Task description: In the listing below, print exactly the lines between the line holding "Background for Devil's" and the line holding "SIEMENS 6ES7132-7HB00-0AB0 6ES7", inclusive, and no more.
---- Data provided
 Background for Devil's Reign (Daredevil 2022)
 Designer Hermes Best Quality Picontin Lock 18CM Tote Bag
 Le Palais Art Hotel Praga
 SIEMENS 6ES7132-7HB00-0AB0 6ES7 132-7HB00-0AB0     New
--------
---- Data provided
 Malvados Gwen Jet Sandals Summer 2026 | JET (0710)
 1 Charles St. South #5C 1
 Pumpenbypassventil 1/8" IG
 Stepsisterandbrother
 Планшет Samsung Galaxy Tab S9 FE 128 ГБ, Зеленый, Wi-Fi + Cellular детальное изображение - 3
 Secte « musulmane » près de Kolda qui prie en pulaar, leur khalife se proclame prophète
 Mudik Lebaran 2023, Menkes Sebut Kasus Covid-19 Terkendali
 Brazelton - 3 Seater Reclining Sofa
--------
The answer:
 Background for Devil's Reign (Daredevil 2022)
 Designer Hermes Best Quality Picontin Lock 18CM Tote Bag
 Le Palais Art Hotel Praga
 SIEMENS 6ES7132-7HB00-0AB0 6ES7 132-7HB00-0AB0     New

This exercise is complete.